Crown attorneys are not immune from civil liability for misfeasance in public office
 The Attorney General argues that Crown attorneys are immune from liability for misfeasance in public office, and enlists the same two grounds it deployed in the successful argument that Crown attorneys are immune from liability for negligence in the performance of their duties: the prospect of liability for misfeasance could divert Crowns from their duties and could have a chilling effect on their conduct. These were the policy reasons Moldaver J. rejected in Henry when he extended liability for Charter damages for wrongful non-disclosure in a criminal prosecution.
 The motion judge rejected these arguments in relation to the claim for misfeasance in public office.
 We conclude that Crown attorneys are not immune from claims of liability for misfeasance in public office. The trigger for liability provides the functional equivalent of the “high liability threshold” Moldaver J. set in Henry for liability for Charter damages for wrongful disclosure.
 The nerve of the Supreme Court’s decisions in the trilogy and in Henry is the deliberate abuse of authority by Crown attorneys. See Nelles, at paras. 55-56, per Lamer J.; and Proulx, at para. 35, per Iacobucci and Binnie JJ. In Miazga, Charron J. said, at para. 51:
Thus, the public law doctrine of abuse of process and the tort of malicious prosecution may be seen as two sides of the same coin: both provide remedies when a Crown prosecutor's actions are so egregious that they take the prosecutor outside his or her proper role as minister of justice, such that the general rule of judicial non-intervention with Crown discretion is no longer justified. Both abuse of process and malicious prosecution have been narrowly crafted, employing stringent tests, to ensure that liability will attach in only the most exceptional circumstances, so that Crown discretion remains intact. In Miazga, several parties sought to amend the test from Nelles so that malice could be inferred because “independent evidence of malice presents too high a barrier,” but Charron J. rejected these arguments, at para. 52, because they “are ill-conceived and do not account for the careful balancing established in Nelles and Proulx between the right of individual citizens to be free from groundless criminal prosecutions and the public interest in the effective and uninhibited prosecution of criminal wrongdoing.” She concluded that “the ‘inherent difficulty’ in proving a case of malicious prosecution was an intentional choice by the Court, designed to preserve this balance.” See also paras. 79-84.
 The need to establish abuse of authority was noted by Moldaver J. in Henry, at para. 49, which we repeat for convenience:
It is a bedrock principle that the exercise of core prosecutorial discretion is immune from judicial review, subject only to the doctrine of abuse of process.

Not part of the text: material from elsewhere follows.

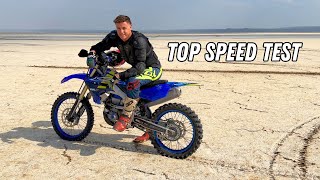 YZ450F Top Speed Test Tallest Gearing You Can Buy [upl. by Seleta]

The presence of bad faith and improper motives may indicate this type of conduct. [Citations omitted.] Drawing on Henry, there are “compelling good governance” concerns that require a “high liability threshold” in order for the tort of misfeasance in public office to be a tenable cause of action against Crown attorneys. That “high liability threshold” is satisfied by the requirement of the tort of misfeasance in public office set out in Odhavji that the claimants show the presence of bad faith or improper motives. We also note Moldaver J.’s qualification, at para. 83 of Henry, that “there may be case-specific policy concerns that militate against an award, even if the appellant has made out the heightened per se threshold.” This qualification applies equally to the tort of misfeasance in public office, but requires cogent evidence to substantiate it.
 We agree with the motion judge’s conclusion that the pleading of misfeasance in public office was adequate and that Crown attorneys are not immune from claims of liability for misfeasance in public office.